What is your attitude toward work? Do you work in order to live, or do you live in order to work? How do you express yourself through your work? Do you feel that you accomplish something of value most days, or do you feel that your labor is meaningless toil that only achieves your minimal paycheck?

These questions reflect some of the many attitudes that people have toward work.

Catholic social teaching has much to say about the importance of work for the human person. While recognizing that people often perform jobs that may seem unimportant or even meaningless, the church’s teaching also notes that work helps to shape our character. Work also helps us to participate more actively in God’s creative activity.

The importance of work is found throughout the first social encyclical, “Rerum Novarum” (On Capital and Labor), published by Pope Leo XIII in 1891. The document was written when workers were moving from farming and crafting to being cogs on factory assembly lines.

Pope Leo identifies a series of rights that every worker is owed, including the right to a fair wage, reasonable work hours, decent working conditions and being able to form unions to negotiate for them with business owners.

According to the pope, these rights flow from the worker’s dignity: “Now, when man thus turns the activity of his mind and the strength of his body toward procuring the fruits of nature, by such act he makes his own that portion of nature’s field which he cultivates — that portion on which he leaves, as it were, the impress of his personality; and it cannot but be just that he should possess that portion as his very own, and have a right to hold it without any one being justified in violating that right.”

The fullest presentation of the church’s social teaching about the dignity of work is found in St. John Paul II’s 1982 encyclical, “Laborem Exercens” (“On Human Work”). In this magisterial teaching, St. John Paul builds upon the foundation laid down by “Rerum Novarum,” published 90 years earlier.
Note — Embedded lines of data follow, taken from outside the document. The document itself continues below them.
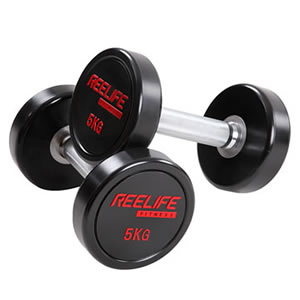锐飞2.5-25KG PU圆头哑铃275KG/套 REDB-P120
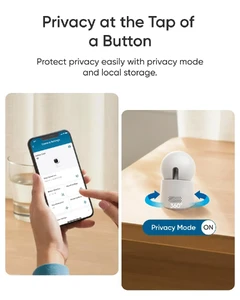 Камера для дома 4K UHD с автонаблюдением Eufy Indoor Cam E30 - Фото 6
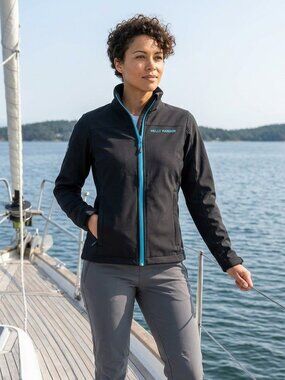 Women's Paramount Softshell Jacket Black/ Blue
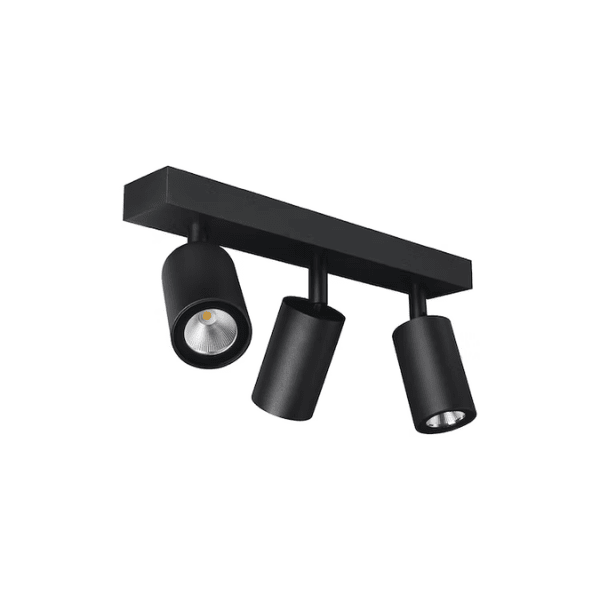 APLIQUE BARRA 3XGU10 / NEGRO KONNERGIE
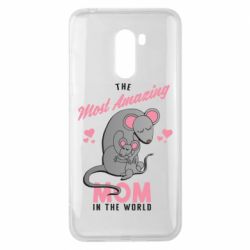 Чехол для Xiaomi Pocophone F1 The Most amazing mom in the world - PrintSalon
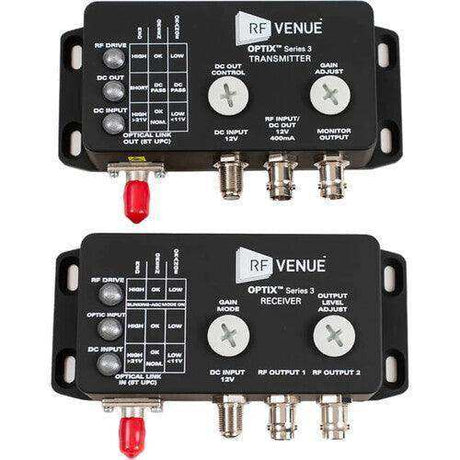 Audio-Technica OPTIX1-S3-US RF Venue OPTIX Series 3 RF-over-Fiber Antenna Distribution System Microphones Audio-Technica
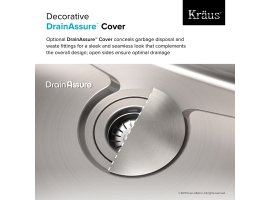 Мийка кухонна стальна KD1US17B DEX Kraus-foto8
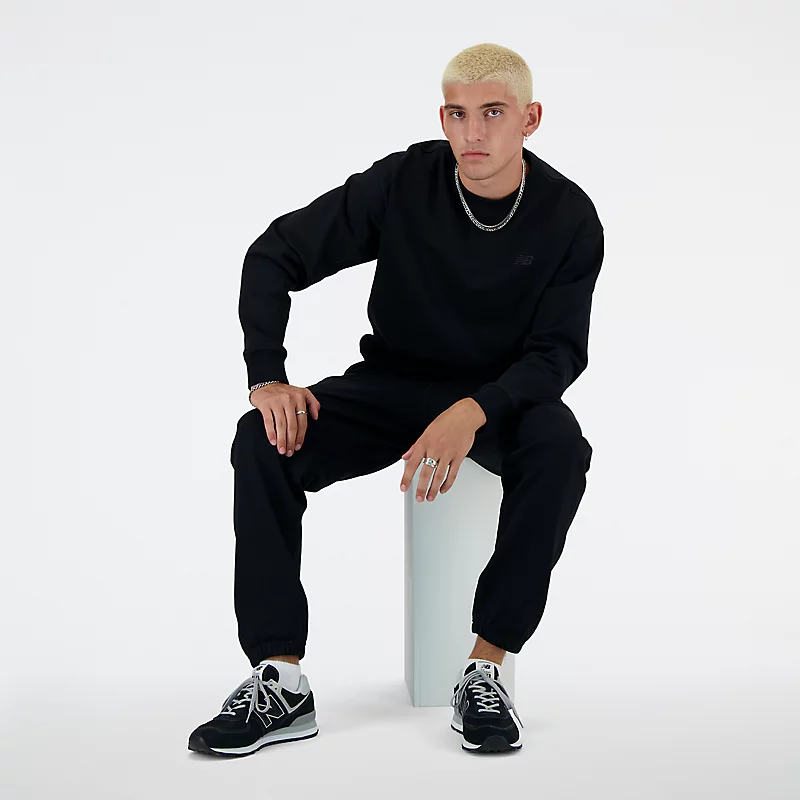 Homme Athletics Γαλλικό Terry Crew - ΜΑΥΡΟ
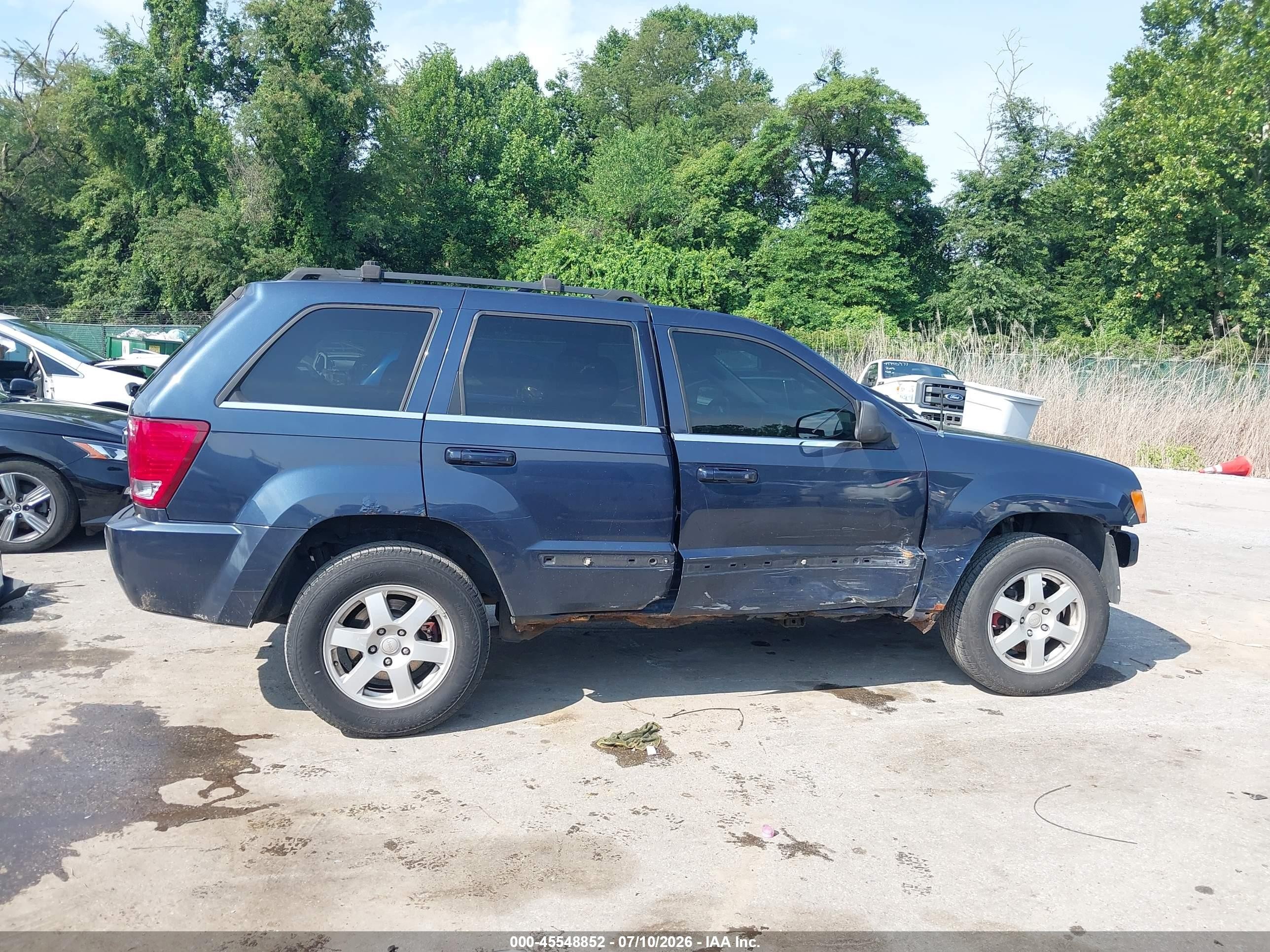 2008 Jeep Grand Cherokee Laredo Black vin: 1J8GR48K48C218351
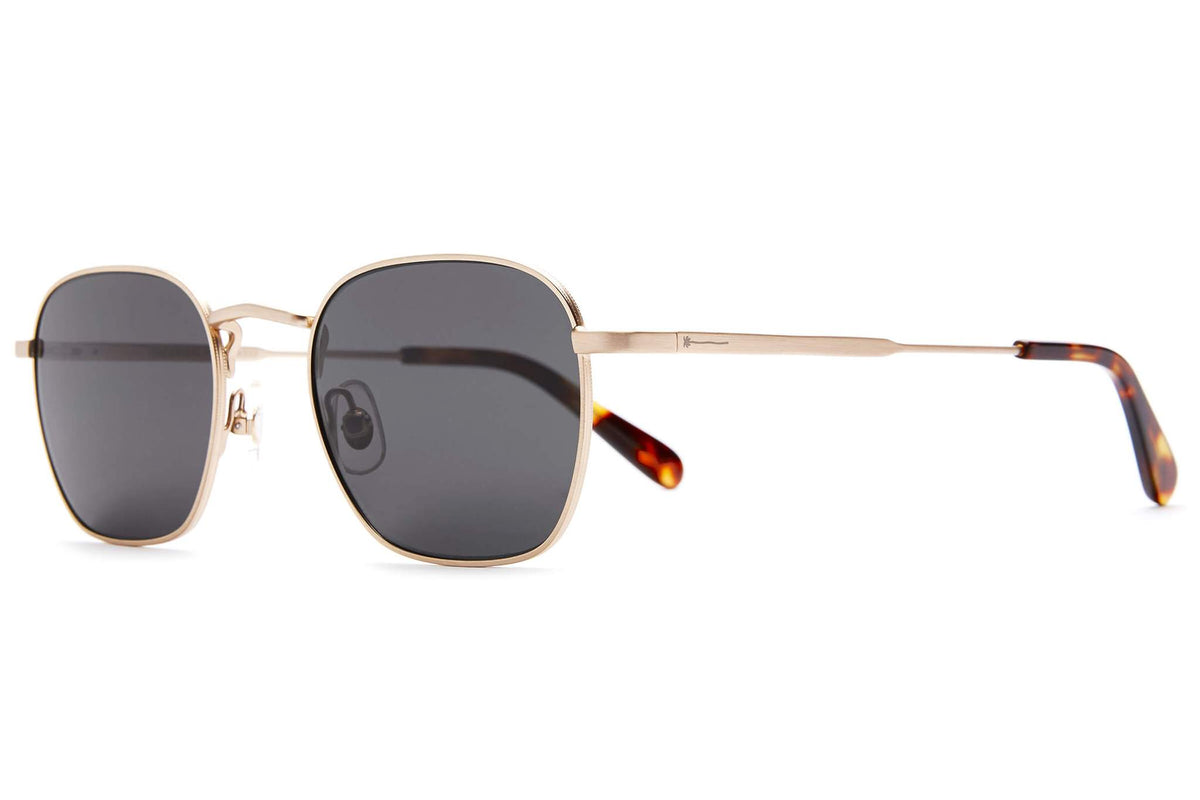 Brushed Gold Groove Pilot Sunglasses – Prism Seattle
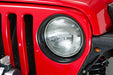 Kentrol 50543 Jeep TJ Headlight Bezels Pair 97-06 Wrangler TJ Powdercoat Black Kentrol - Truck Part Superstore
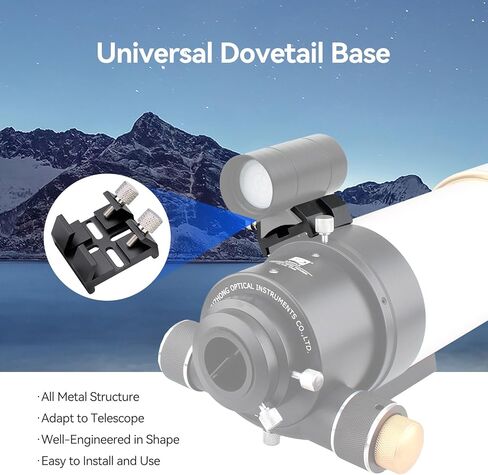 SVBONY SV545 APO Telescope Refractor 54mm Bundle with Universal Dovetail Base and SV165 Mini Guide Scope 30mm for Wide Field Astrophotography in Kuwait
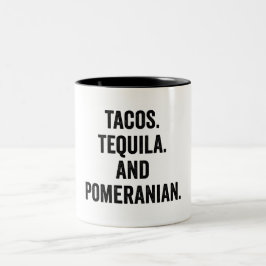 Tacos Tequila en Pommeren Tweekleurige Koffiemok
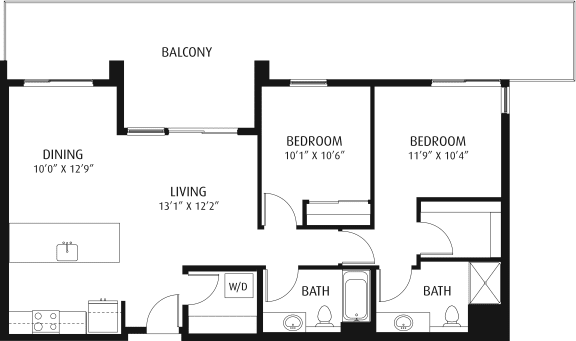 Artix Apartments E3 2D Floor Plan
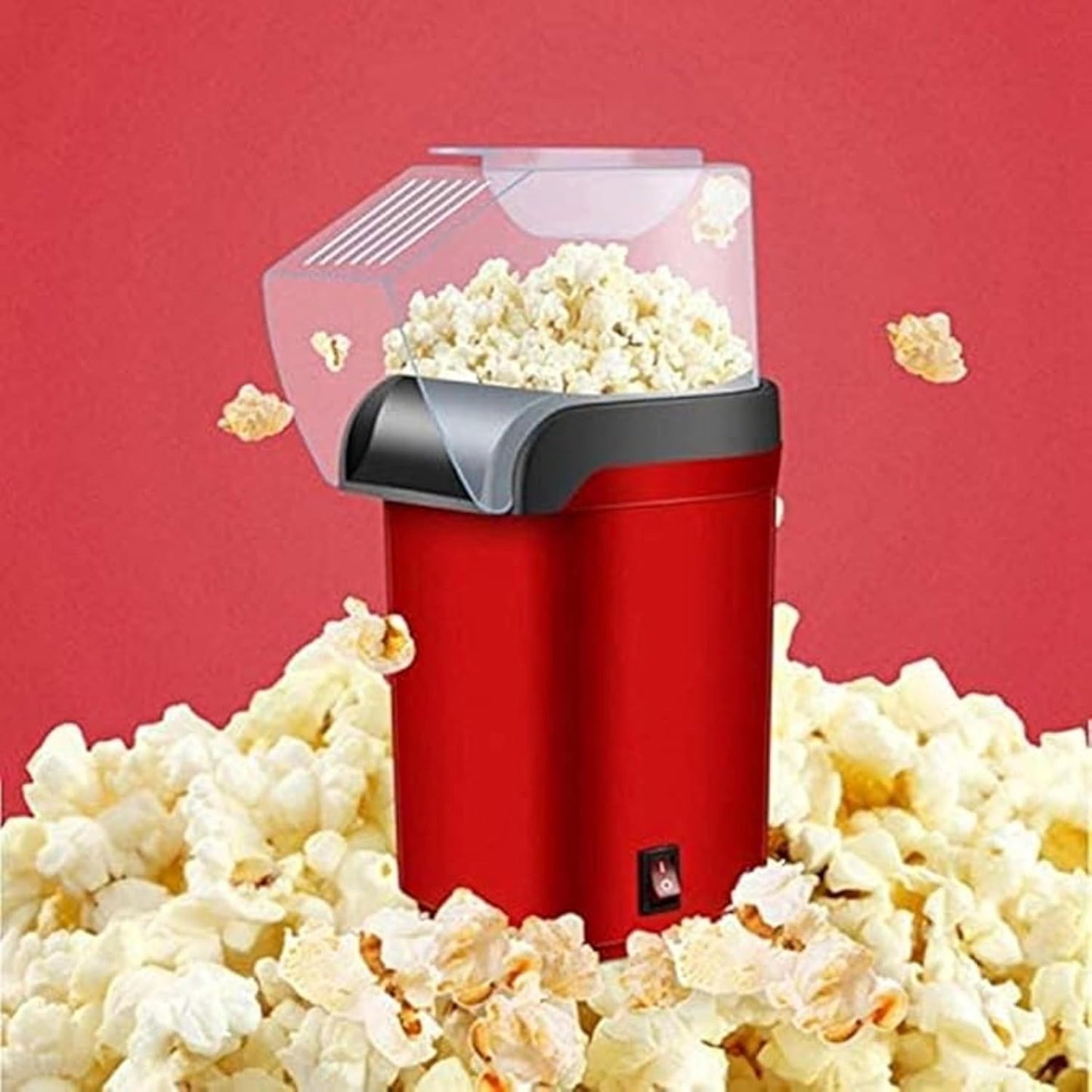 Mini Home Popcorn Maker with Measuring Cup and Removable Lid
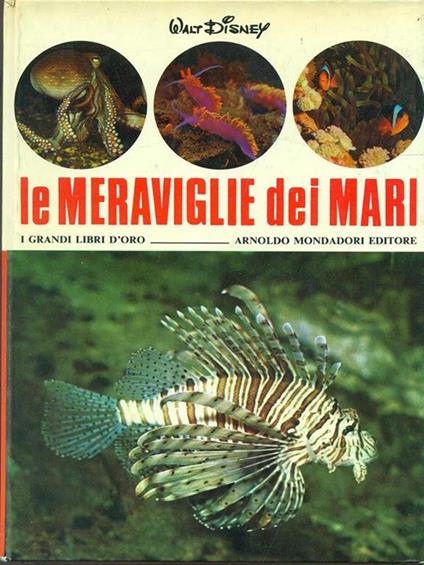 Le meraviglie dei mari - Walt Disney - copertina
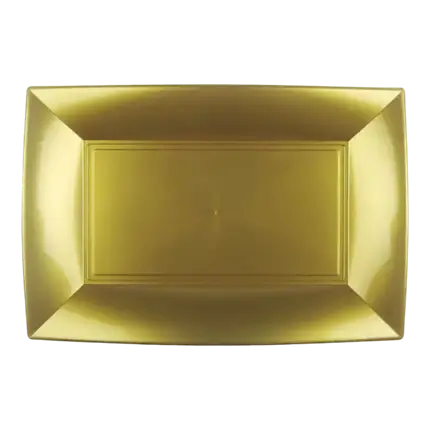Rechteckiger Teller Gold 29x18cm - Satz von 12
The encyclical begins by stating the importance of work for society. For it is only through work that we earn a living, not just for ourselves but for a family. It is where we increase knowledge, where we help advance society through science and technology, and elevate “unceasingly the cultural and moral level” of society.

Through work we fulfill our God-given responsibility to make the world a better place and to make visible “the invisible God.” According to St. John Paul, it is through work that we are distinguished from the rest of creation and fulfill our “very nature.”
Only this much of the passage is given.